German Submarine Used By Escaping Nazi’s Washes up on the Coast of Argentina

Stock image
Stock image
Stock image

Something incredible has washed up on the coast of Argentina.  Researchers believe it to be the remnants of a World War II German submarine or midget U-boat. What historians and researchers find most fascinating about this find is that this submarine makes it difficult to deny that that Nazis did not escape the war and fled to Argentina.

A historian in Buenos Aires, Fernando Martin Gomez, says that the submarine is a great discovery. The submarine has been hidden for 70 years but is in remarkable shape. Gomez stated that it is a particularly small submarine, which means it could have been used solely for Nazis fleeing to South America. He claims that there were about 5,000 Nazis that fled to Argentina, but this submarine would have been reserved for higher-placed Nazis.

What Gomez seems to miss is the fact that Nazi Germany has produced a range of miniature submarines that were supposed to be used to counter an Allied invasion. One of these midget submarines was The Biber (German for “beaver”). These were armed with two externally mounted 21-inch torpedoes or mines, they were intended to attack coastal shipping and were the smallest submarines in the Kriegsmarine.

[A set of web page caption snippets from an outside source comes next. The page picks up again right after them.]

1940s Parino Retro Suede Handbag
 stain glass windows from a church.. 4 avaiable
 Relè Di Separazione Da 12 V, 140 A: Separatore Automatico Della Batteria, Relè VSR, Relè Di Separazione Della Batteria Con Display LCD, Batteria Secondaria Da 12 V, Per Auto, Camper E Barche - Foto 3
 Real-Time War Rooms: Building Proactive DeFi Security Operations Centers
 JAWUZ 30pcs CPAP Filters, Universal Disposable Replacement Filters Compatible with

The Biber was hastily developed to help meet the threat of an Allied invasion of Europe. This resulted in basic technical flaws that, combined with the inadequate training of their operators, meant they never posed a real threat to Allied shipping, despite 324 submarines being delivered. One of the class’s few successes was the sinking of the cargo ship Alan A. Dale.

The fact that high-ranking Nazi’s escaped to South America has been known for decades, even during the war the first Nazi’s that saw the end was coming started to setup Ratlines, escape routes for Nazis and other fascists fleeing Europe.

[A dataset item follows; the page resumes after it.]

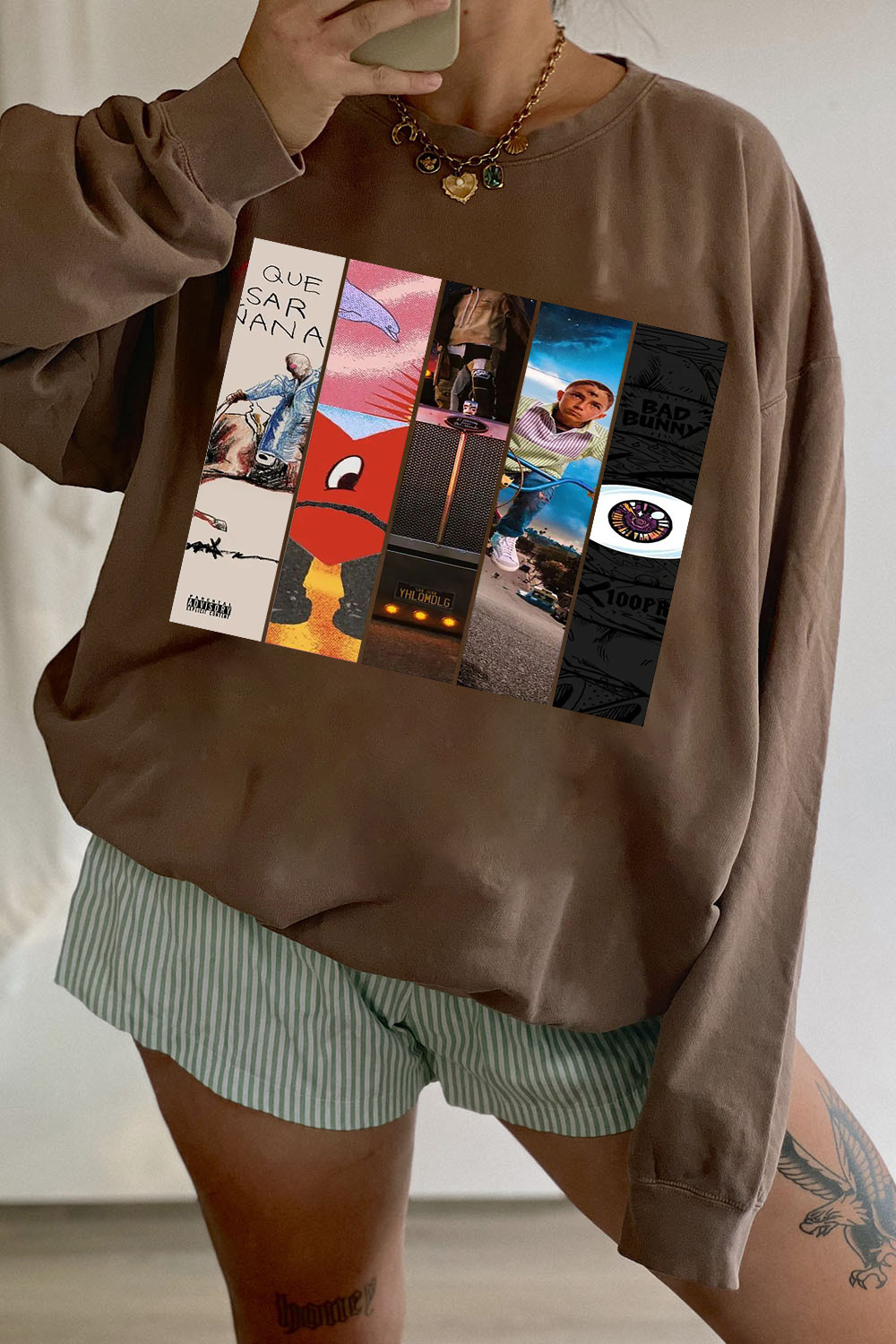 Bad Bunny Album Sweatshirt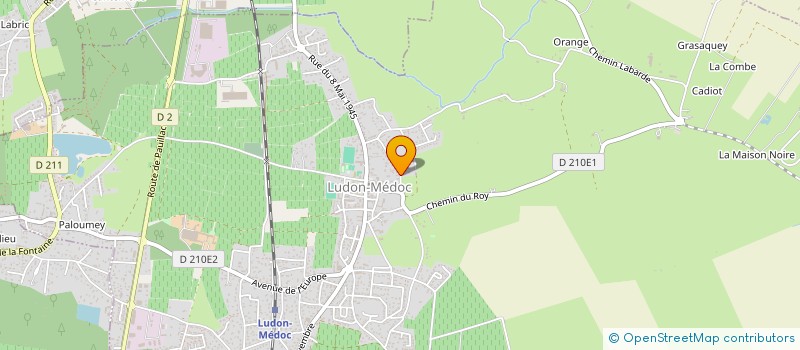 localisation de l'entreprise BORDEAUX VINTAGE TOURS  LUDON-MEDOC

These escape routes mainly led toward havens in South America, particularly Argentina, Paraguay, Brazil, Uruguay, Chile, and Bolivia. Other destinations included the United States, Great Britain, Canada and the Middle East. There were two primary routes: the first went from Germany to Spain, then Argentina; the second from Germany to Rome to Genoa, then South America; the two routes “developed independently” but eventually came together to collaborate.

After the end of the war in Italy, “Spiritual Director of the German People resident in Italy”, Bishop Hudal became active in ministering to German-speaking prisoners of war and internees then held in camps throughout Italy. In December 1944 the Vatican Secretariat of State received permission to appoint a representative to “visit the German-speaking civil internees in Italy”, a job assigned to Hudal.

Hudal used this position to aid the escape of wanted Nazi war criminals, including Franz Stangl, commanding officer of Treblinka, Gustav Wagner, commanding officer of Sobibor, Alois Brunner, responsible for the Drancy internment camp near Paris and in charge of deportations in Slovakia to German concentration camps, and Adolf Eichmann— a fact about which he was later unashamedly open.